----- RECORDS FOR THE EXERCISE

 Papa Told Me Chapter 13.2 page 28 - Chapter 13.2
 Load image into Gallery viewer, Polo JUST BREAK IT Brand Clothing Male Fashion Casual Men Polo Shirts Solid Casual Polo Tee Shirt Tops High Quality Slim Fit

----------
----- RECORDS FOR THE EXERCISE

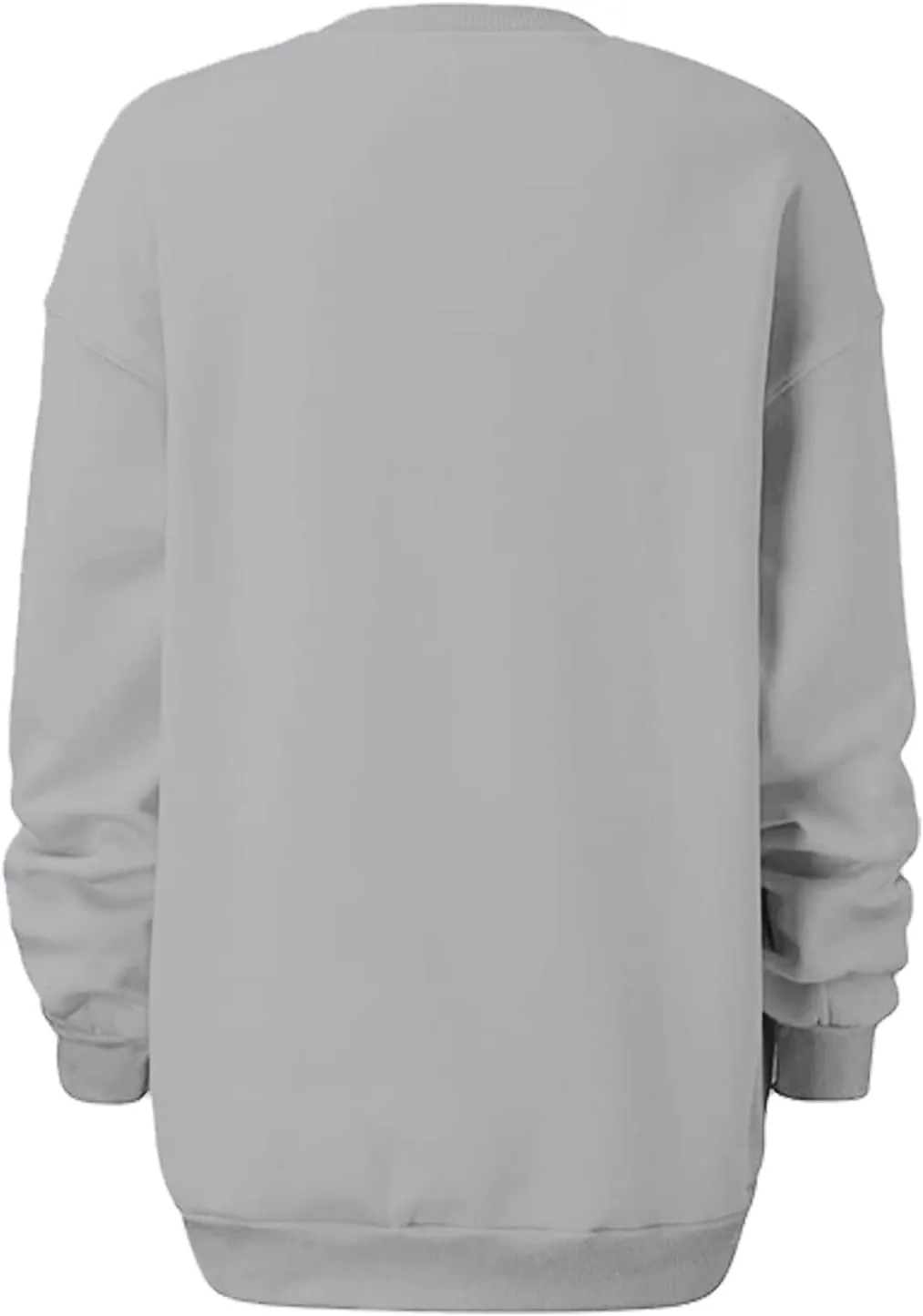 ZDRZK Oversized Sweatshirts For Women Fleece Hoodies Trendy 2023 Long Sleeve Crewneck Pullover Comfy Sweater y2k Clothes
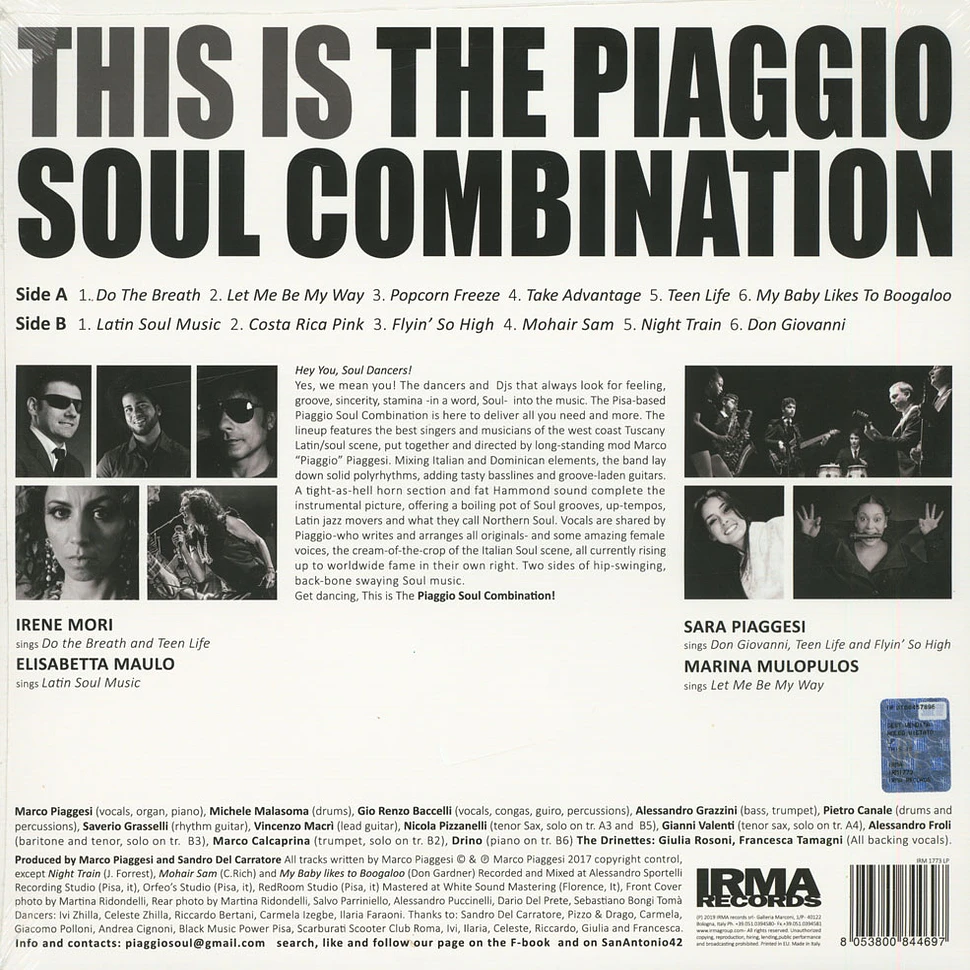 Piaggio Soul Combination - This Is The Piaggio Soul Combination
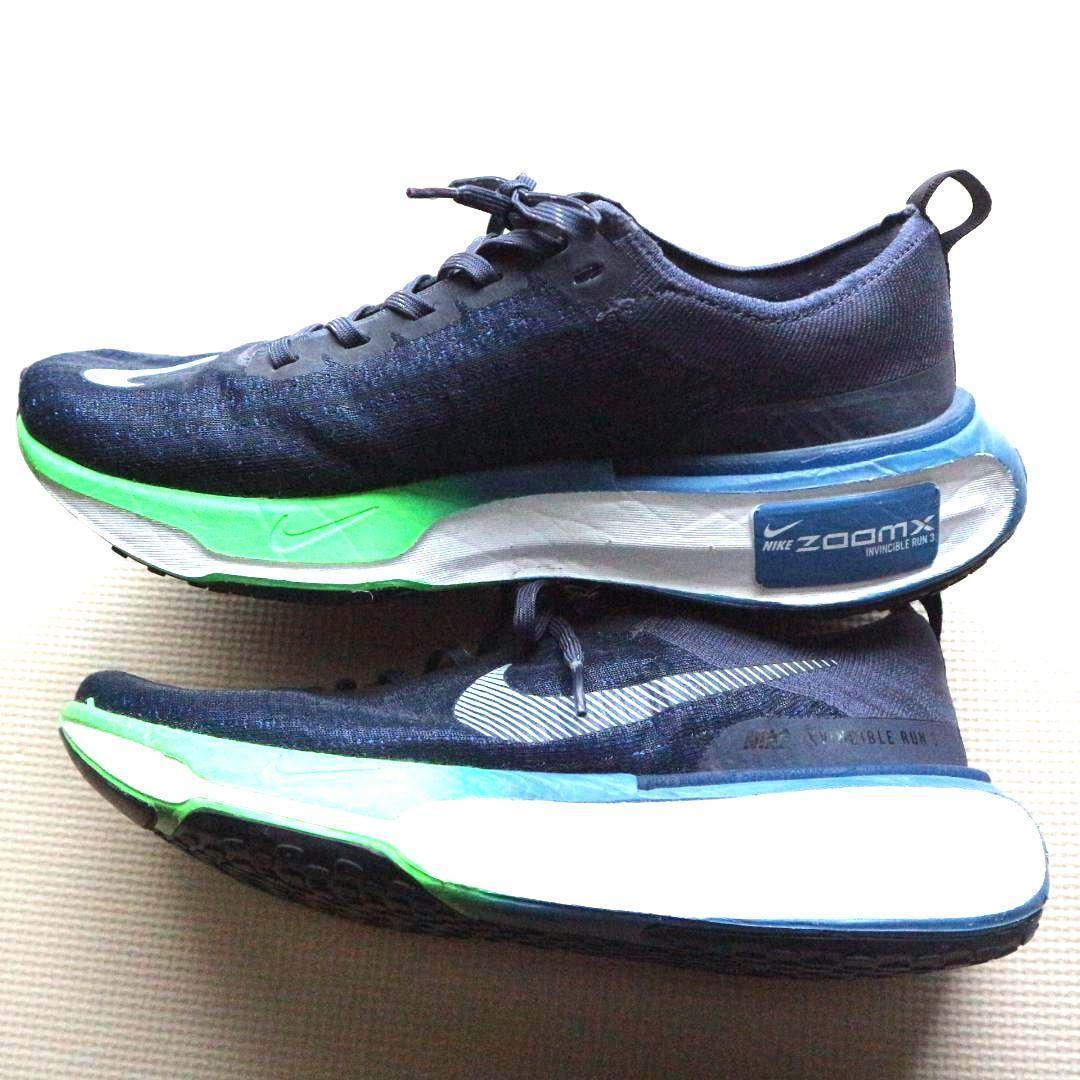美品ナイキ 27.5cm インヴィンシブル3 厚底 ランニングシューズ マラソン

----------
----- RECORDS FOR THE EXERCISE

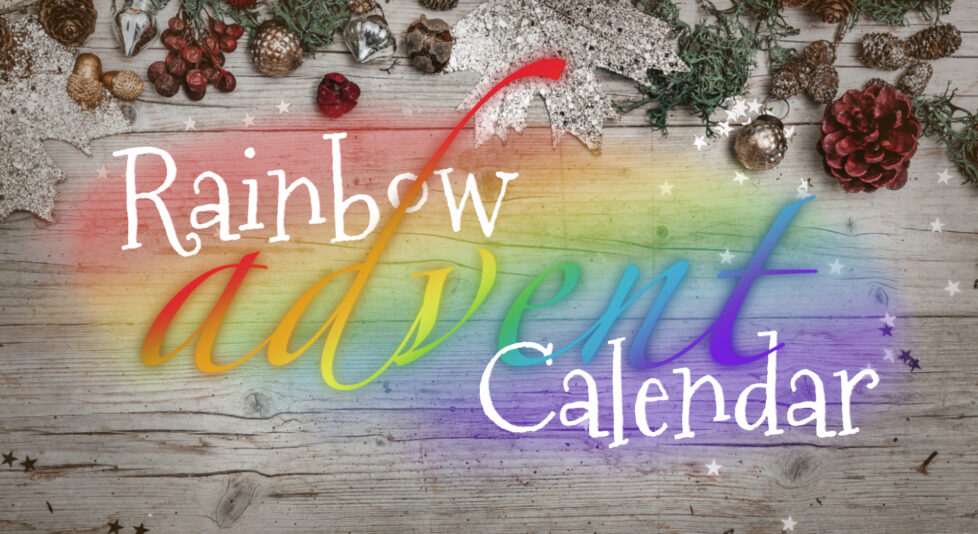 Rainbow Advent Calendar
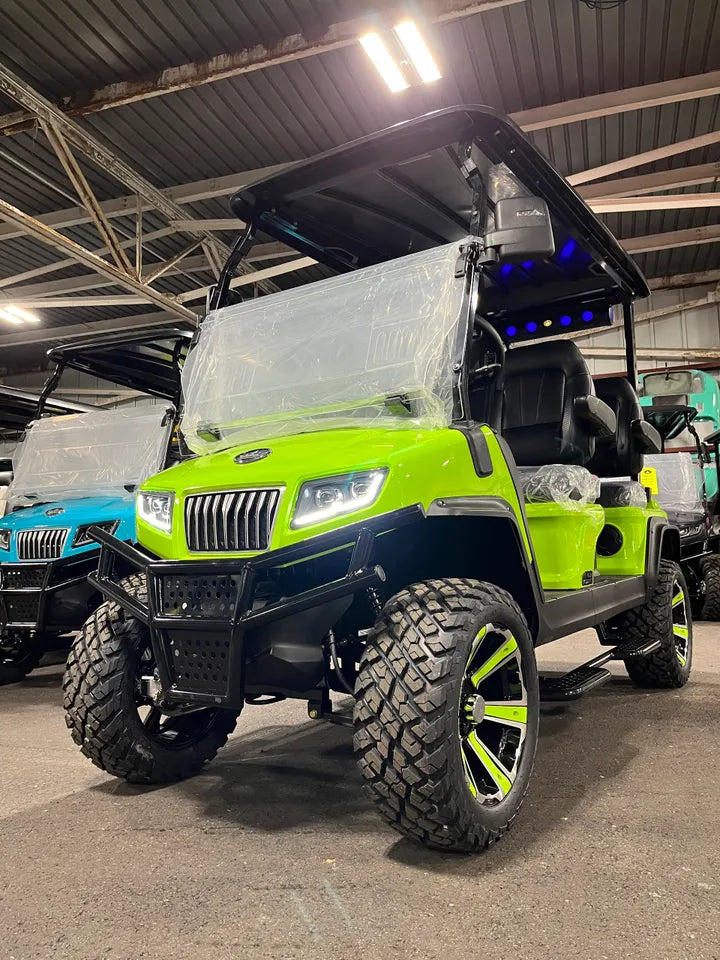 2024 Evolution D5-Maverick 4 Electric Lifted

----------

Output exactly one stretch of the listing: from the line containing "Papa Told Me" through the line containing "Load image into", both end lines included.

 Papa Told Me Chapter 13.2 page 28 - Chapter 13.2
 Load image into Gallery viewer, Polo JUST BREAK IT Brand Clothing Male Fashion Casual Men Polo Shirts Solid Casual Polo Tee Shirt Tops High Quality Slim Fit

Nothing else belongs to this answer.